■ Task
Output the records again verbatim.

■ Records shown
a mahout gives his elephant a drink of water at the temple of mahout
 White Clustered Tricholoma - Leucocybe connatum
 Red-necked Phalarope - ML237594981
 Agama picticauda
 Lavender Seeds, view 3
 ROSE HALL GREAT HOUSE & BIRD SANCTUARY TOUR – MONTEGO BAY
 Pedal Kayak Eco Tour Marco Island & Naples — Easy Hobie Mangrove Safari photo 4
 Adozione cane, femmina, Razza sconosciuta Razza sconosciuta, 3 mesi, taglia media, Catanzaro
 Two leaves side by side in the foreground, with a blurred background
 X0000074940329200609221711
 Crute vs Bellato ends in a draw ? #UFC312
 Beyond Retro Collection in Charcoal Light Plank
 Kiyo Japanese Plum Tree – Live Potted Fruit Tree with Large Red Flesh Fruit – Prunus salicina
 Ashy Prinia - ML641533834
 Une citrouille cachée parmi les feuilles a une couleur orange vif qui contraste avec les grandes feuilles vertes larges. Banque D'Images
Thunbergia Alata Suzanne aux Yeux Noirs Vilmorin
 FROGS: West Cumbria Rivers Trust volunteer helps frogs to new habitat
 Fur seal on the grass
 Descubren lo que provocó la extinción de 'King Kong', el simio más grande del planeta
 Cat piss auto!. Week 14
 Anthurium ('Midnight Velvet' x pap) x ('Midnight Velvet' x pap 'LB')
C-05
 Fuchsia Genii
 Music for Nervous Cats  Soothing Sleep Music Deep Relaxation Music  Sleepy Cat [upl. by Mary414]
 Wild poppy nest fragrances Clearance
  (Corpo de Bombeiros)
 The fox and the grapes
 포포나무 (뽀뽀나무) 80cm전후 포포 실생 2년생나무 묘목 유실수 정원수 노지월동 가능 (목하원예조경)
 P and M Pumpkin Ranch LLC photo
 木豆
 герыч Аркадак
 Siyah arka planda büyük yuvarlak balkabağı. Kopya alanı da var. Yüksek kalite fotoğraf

■ Response area
a mahout gives his elephant a drink of water at the temple of mahout
 White Clustered Tricholoma - Leucocybe connatum
 Red-necked Phalarope - ML237594981
 Agama picticauda
 Lavender Seeds, view 3
 ROSE HALL GREAT HOUSE & BIRD SANCTUARY TOUR – MONTEGO BAY
 Pedal Kayak Eco Tour Marco Island & Naples — Easy Hobie Mangrove Safari photo 4
 Adozione cane, femmina, Razza sconosciuta Razza sconosciuta, 3 mesi, taglia media, Catanzaro
 Two leaves side by side in the foreground, with a blurred background
 X0000074940329200609221711
 Crute vs Bellato ends in a draw ? #UFC312
 Beyond Retro Collection in Charcoal Light Plank
 Kiyo Japanese Plum Tree – Live Potted Fruit Tree with Large Red Flesh Fruit – Prunus salicina
 Ashy Prinia - ML641533834
 Une citrouille cachée parmi les feuilles a une couleur orange vif qui contraste avec les grandes feuilles vertes larges. Banque D'Images
Thunbergia Alata Suzanne aux Yeux Noirs Vilmorin
 FROGS: West Cumbria Rivers Trust volunteer helps frogs to new habitat
 Fur seal on the grass
 Descubren lo que provocó la extinción de 'King Kong', el simio más grande del planeta
 Cat piss auto!. Week 14
 Anthurium ('Midnight Velvet' x pap) x ('Midnight Velvet' x pap 'LB')
C-05
 Fuchsia Genii
 Music for Nervous Cats  Soothing Sleep Music Deep Relaxation Music  Sleepy Cat [upl. by Mary414]
 Wild poppy nest fragrances Clearance
  (Corpo de Bombeiros)
 The fox and the grapes
 포포나무 (뽀뽀나무) 80cm전후 포포 실생 2년생나무 묘목 유실수 정원수 노지월동 가능 (목하원예조경)
 P and M Pumpkin Ranch LLC photo
 木豆
 герыч Аркадак
 Siyah arka planda büyük yuvarlak balkabağı. Kopya alanı da var. Yüksek kalite fotoğraf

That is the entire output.